Records from a dataset
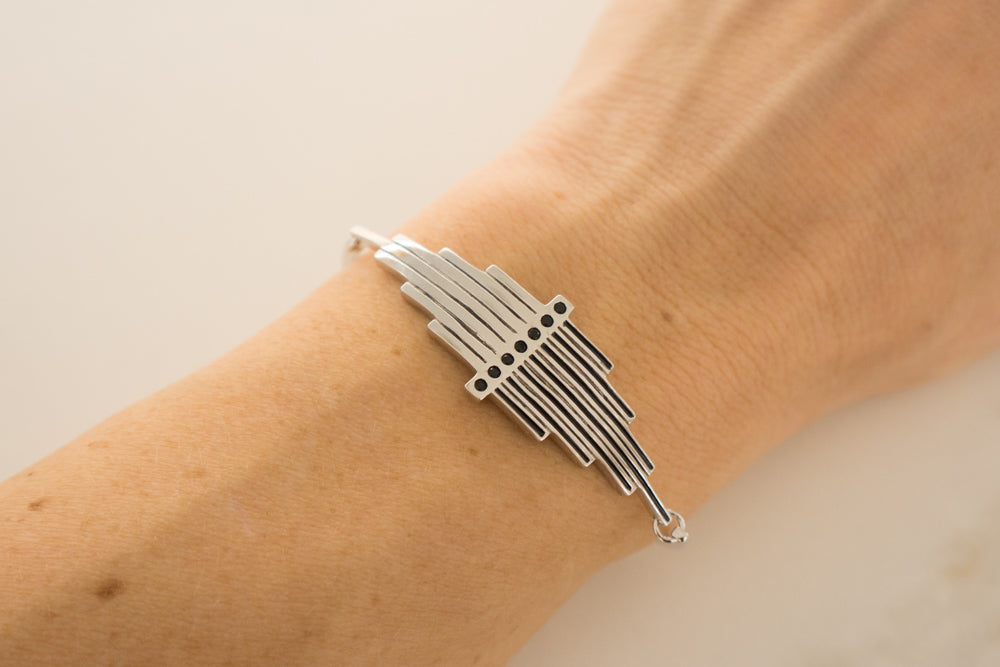 armband im Stil des Jugenstils in Silber am Handgellenk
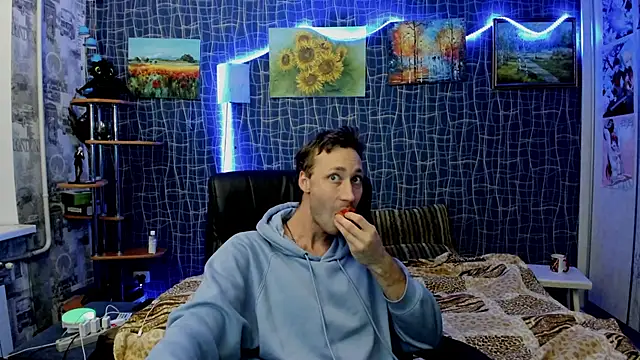 CuteBoy228 online show from December 13, 8:26 pm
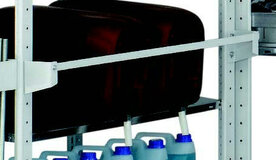 33771-Uitvalbeveiliging voor oliecans/breedte 1.000 mm/1 uitvalbeveiliging, 2 houderprofielen, incl. bouten/voor het borgen van vloeistofcontainers/RAL 7035 lichtgrijs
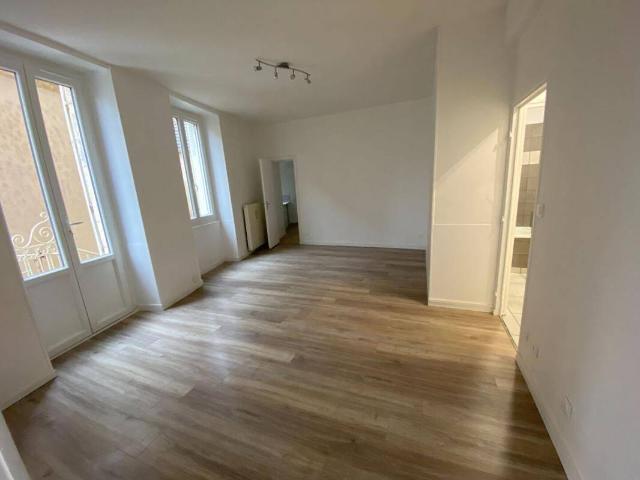 Appartement location à Cour St Sauveur, Nevers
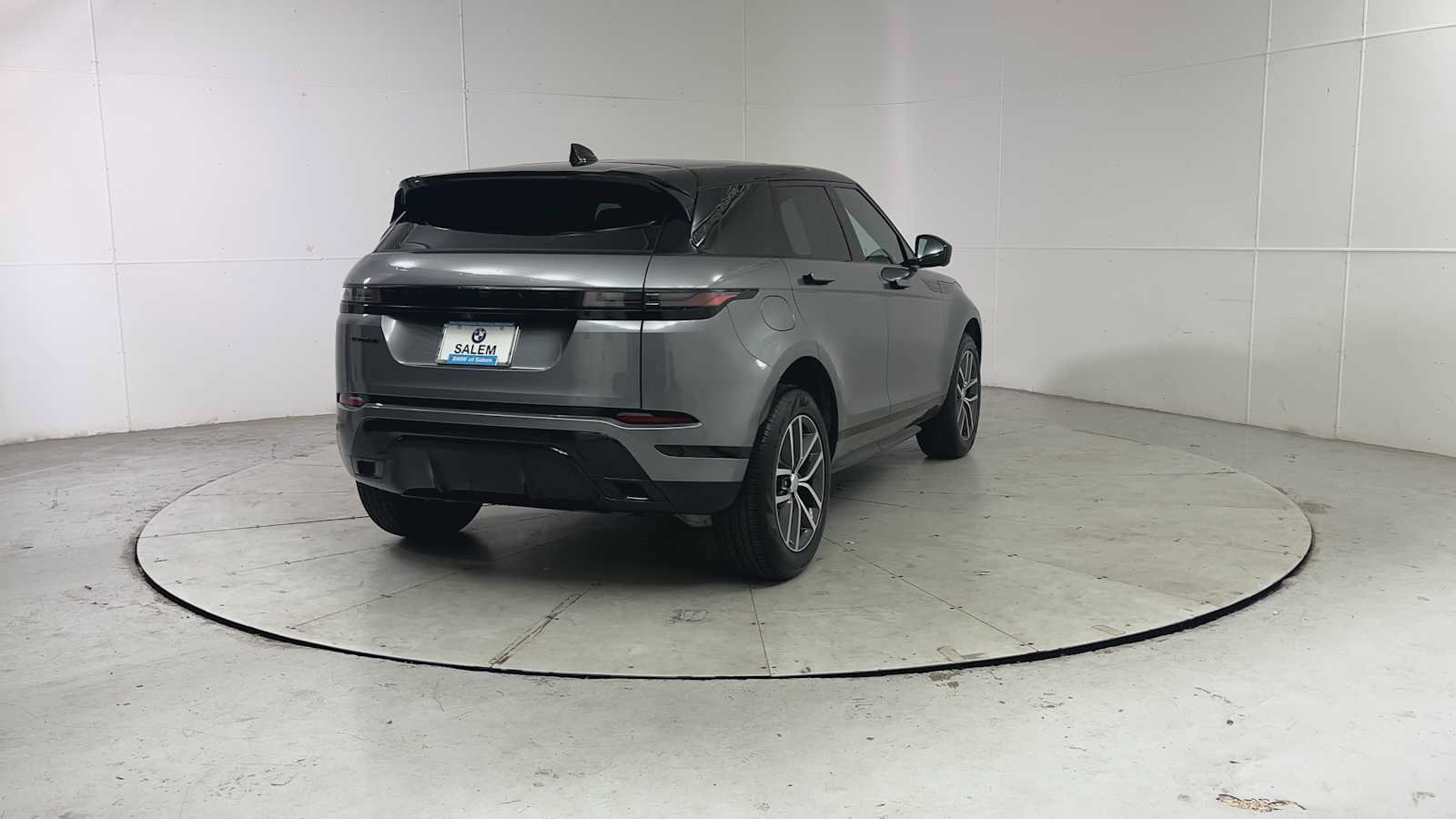 Used 2025 Land Rover Range Rover Evoque Dynamic SE AWD/4WD image 2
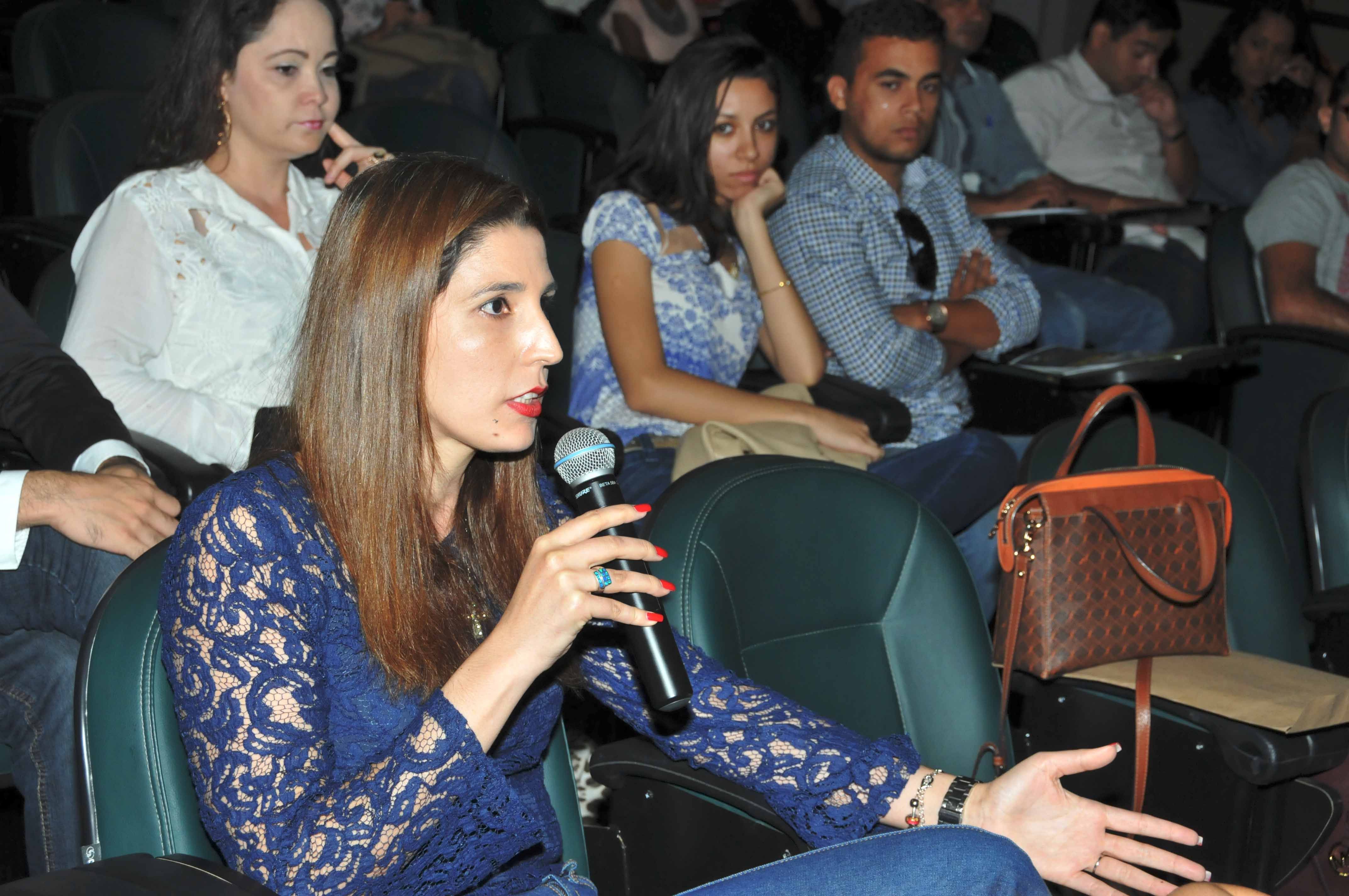 DP Elydia Leda Barros participando dos debates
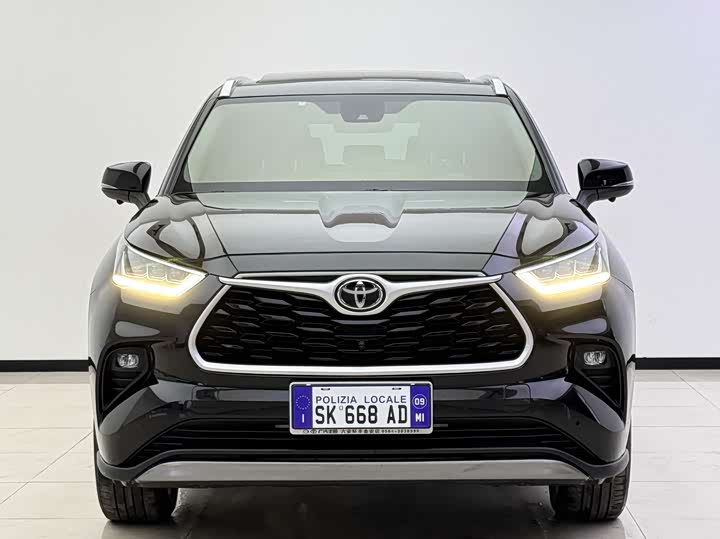 Фото 2 - Toyota Highlander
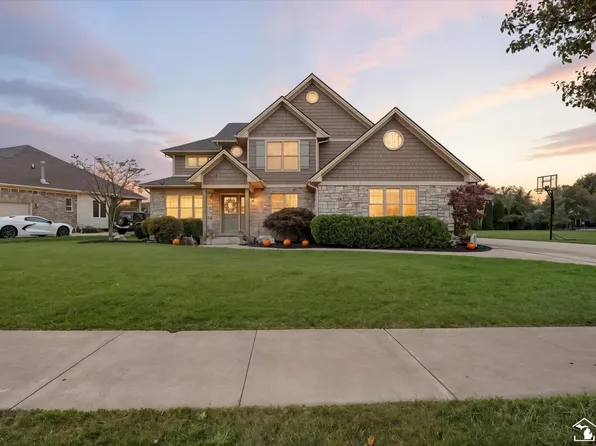 8439 Eagle Pointe Dr, Newport, MI 48166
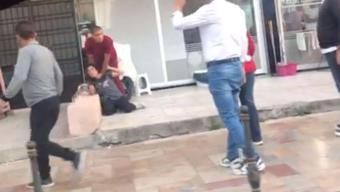 Cadde ortasında eşini bıçaklayan şüpheliyi linç girişimi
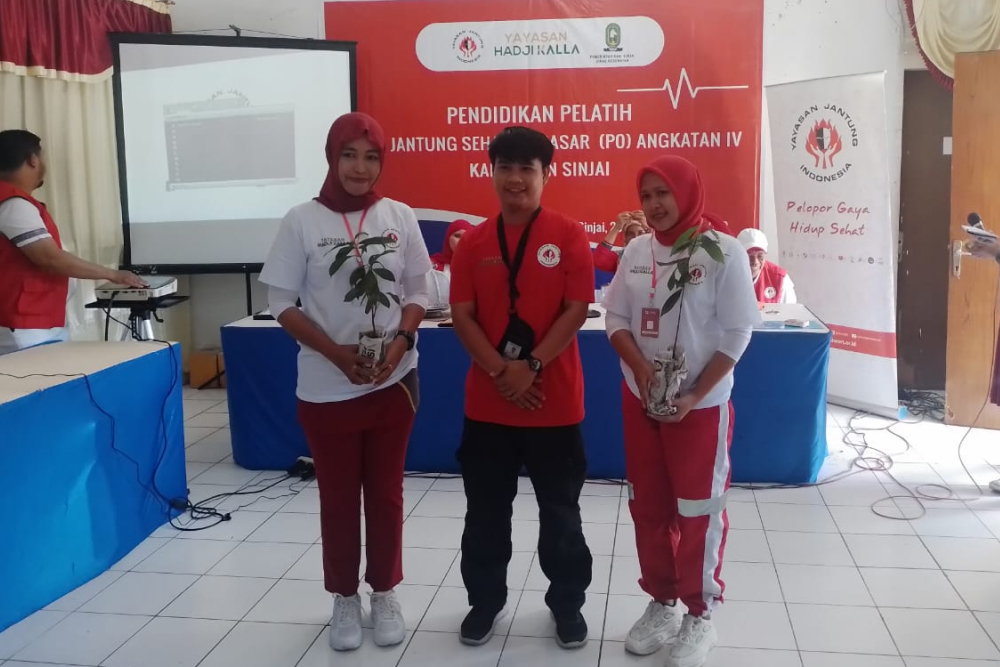Yayasan Hadji Kalla Gelar Program Pelatihan Klub Senam Jantung Sehat Di Sinjai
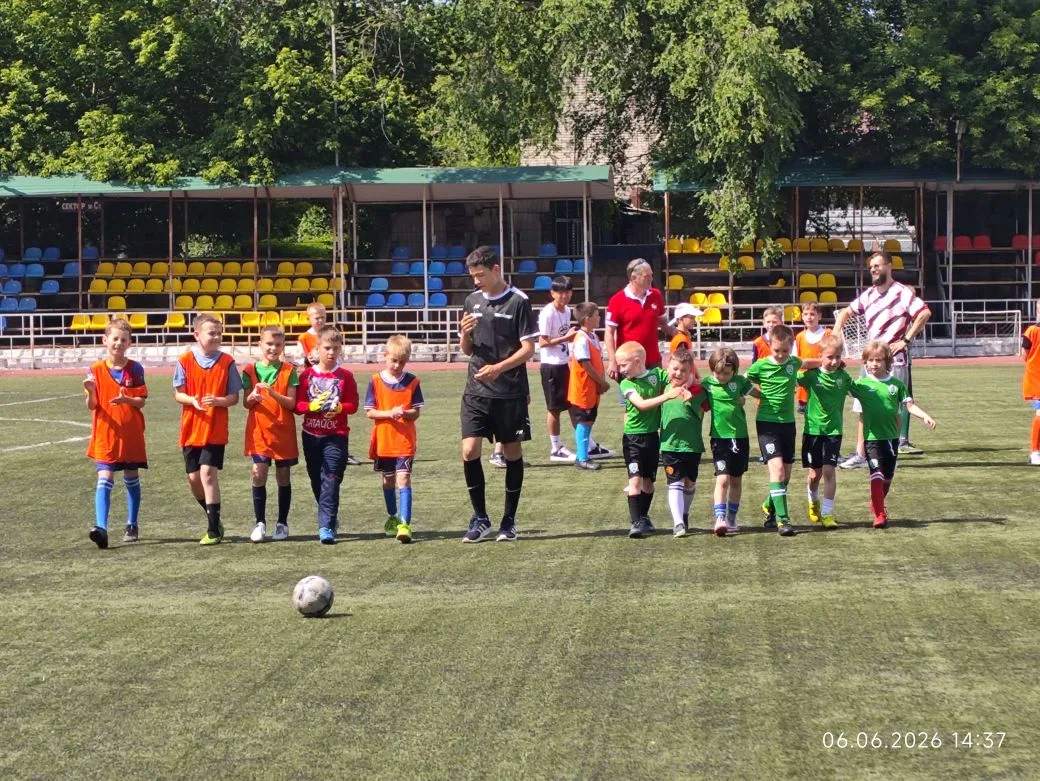 ⚽️ На стадионе Спортивной школы № 2 прошли финальные матчи Первенства города Батайска по футболу сре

→ **EXERCISE REQUIREMENTS**:
Reproduce the lines from the one with "Yayasan Hadji Kalla" through the end of the data, keeping both end lines, adding nothing, and dropping any pictures.

→ **ANSWER SECTION**:
Yayasan Hadji Kalla Gelar Program Pelatihan Klub Senam Jantung Sehat Di Sinjai
 ⚽️ На стадионе Спортивной школы № 2 прошли финальные матчи Первенства города Батайска по футболу сре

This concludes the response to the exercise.